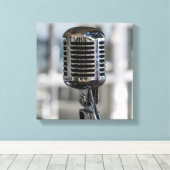 Sehr Cooles Vintages Mikrofon im Retrostil Leinwanddruck (Insitu (Holzboden))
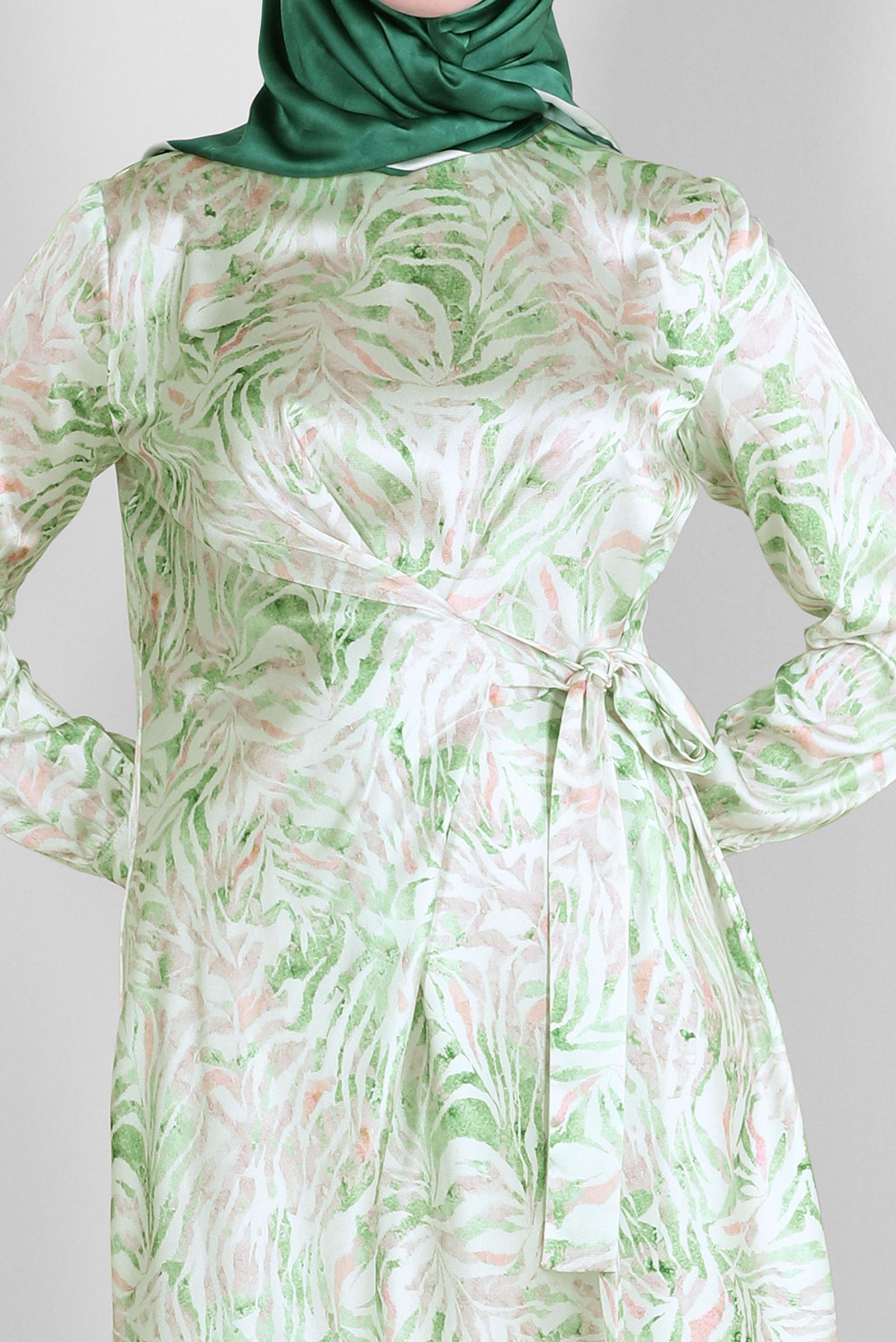 Tesettür giyim YEŞİL DESENLİ BAĞLAMA DETAYLI SATEN TUNİK 43642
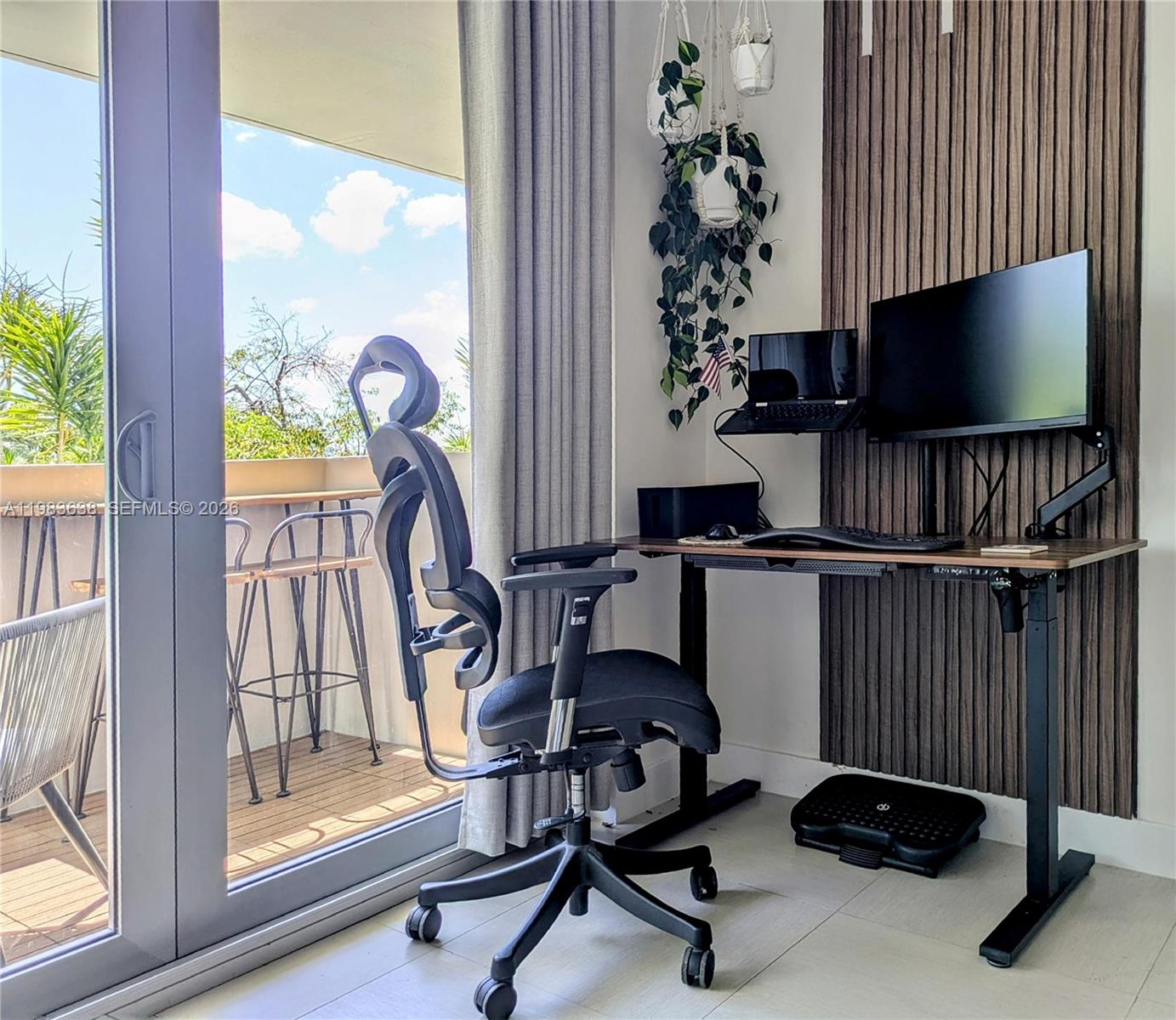 1500 Bay Road, Unit 330S Miami Beach, FL 33139 - Photo 6 of 41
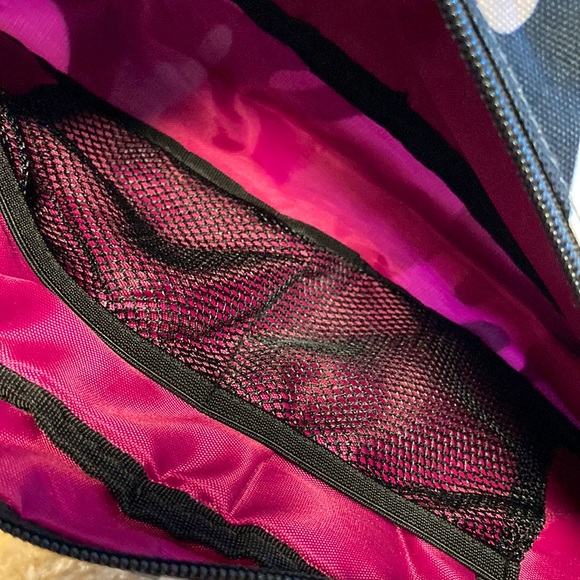 DGK Multi-color camo belt bag. Roomy and lightweight. Adjustable length. - Picture 7 of 8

============================================================

* [Your task]: For this exercise, transcribe the data above line by line, exactly, with pictures omitted.

* [Exercise result]:
 Sehr Cooles Vintages Mikrofon im Retrostil Leinwanddruck (Insitu (Holzboden))
 Tesettür giyim YEŞİL DESENLİ BAĞLAMA DETAYLI SATEN TUNİK 43642
 1500 Bay Road, Unit 330S Miami Beach, FL 33139 - Photo 6 of 41
 DGK Multi-color camo belt bag. Roomy and lightweight. Adjustable length. - Picture 7 of 8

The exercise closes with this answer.